Landscape variables The negative effect shown by Savanna and inundated savanna was highly unexpected. This effect is most likely shown due to the method of this analysis. Within the 2-km radius of the buffalo the surface area of each different variable always added up to the same amount. When one type of surface area decreased, the others would increase. The variables were therefor not independent from one another. The buffalo were observed at a single moment in time. As the buffalo moved around constantly, it is impossible to know where in the home range the buffalo stood. This could have been near the edge of the home range or in the middle of it. Buffalo seemed to be less present in areas that contained a large source of water. Because it was the wet season with high rainfall the buffalo did not need to go near large water sources to drink. Flooded areas of savanna and forest provided the buffaloes with sufficient drinking water. The buffalo never strayed far from the edge of the forest. The forest provides a form of safety from hunters. Villages seem to be avoided by buffalo, however it is also possible that most buffalo near villages have been hunted and therefore could not be found. There were also no signs of buffalo presence near the villages. However there have been found some tracks on the shell terminal outside of the circuits.
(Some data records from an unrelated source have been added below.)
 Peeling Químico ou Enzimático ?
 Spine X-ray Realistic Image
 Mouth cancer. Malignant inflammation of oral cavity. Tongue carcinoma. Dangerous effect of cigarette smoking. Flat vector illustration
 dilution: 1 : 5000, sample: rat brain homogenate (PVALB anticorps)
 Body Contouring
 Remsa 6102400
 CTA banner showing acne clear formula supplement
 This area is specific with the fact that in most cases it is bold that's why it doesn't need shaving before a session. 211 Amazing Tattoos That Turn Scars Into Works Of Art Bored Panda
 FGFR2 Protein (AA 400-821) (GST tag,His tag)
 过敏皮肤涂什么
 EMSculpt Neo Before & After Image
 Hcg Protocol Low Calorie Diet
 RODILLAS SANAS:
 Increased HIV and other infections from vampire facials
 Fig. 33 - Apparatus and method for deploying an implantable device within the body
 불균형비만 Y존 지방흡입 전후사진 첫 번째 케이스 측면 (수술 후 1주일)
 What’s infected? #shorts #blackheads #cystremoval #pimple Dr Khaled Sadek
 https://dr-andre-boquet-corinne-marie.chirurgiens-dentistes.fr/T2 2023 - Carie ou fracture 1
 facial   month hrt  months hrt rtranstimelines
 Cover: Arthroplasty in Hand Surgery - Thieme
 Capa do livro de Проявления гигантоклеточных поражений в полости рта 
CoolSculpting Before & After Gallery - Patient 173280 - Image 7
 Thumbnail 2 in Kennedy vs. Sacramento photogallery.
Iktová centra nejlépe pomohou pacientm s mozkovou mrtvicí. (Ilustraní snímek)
Observation method Both transects and camera trapping seemed to have a very low effectiveness on capturing buffaloes. The circuits performed by car improved the chance of observing buffaloes. However, the noise created by the car probably warned buffaloes of our presence before we could see them. Preventing them from leaving the safety of the forest or by fleeing into the forest. This created an underestimation of the population size. Also, due to the two-week interval the buffaloes might have been on one of the other plains and this also added to the underestimation of the population size. This is represented in the nine out of ten chance to observe a buffalo more than once. Pictures were taken hastily and the quality was not good enough to observe sufficient details for the individual identification. Only a small number of individuals were identified and since and the observation of groups has been compromised out of group identification. Some buffalo moved between sub-groups. The measurements done with the compass and rangefinder were not very precise. The rangefinder had a range of 500m. Most buffaloes were observed outside of an 500m range and fled during the approach. To get an exact measurement the buffaloes needed to either stand still within the range, or measurements needed to be taken after the buffalo had disappeared. Camera trapping is supposedly the best method to observe animals and to calculate abundance and species richness (Silveira et al. 2003). During my experiment, I had a small number of cameras and these were placed at places with a lot of buffalo activity and/or signs. However, the number of buffaloes captured by this method was very small. Buffaloes had a lot of different paths to enter the plains from the forest edge. With the number of cameras that I had, this method was very ineffective.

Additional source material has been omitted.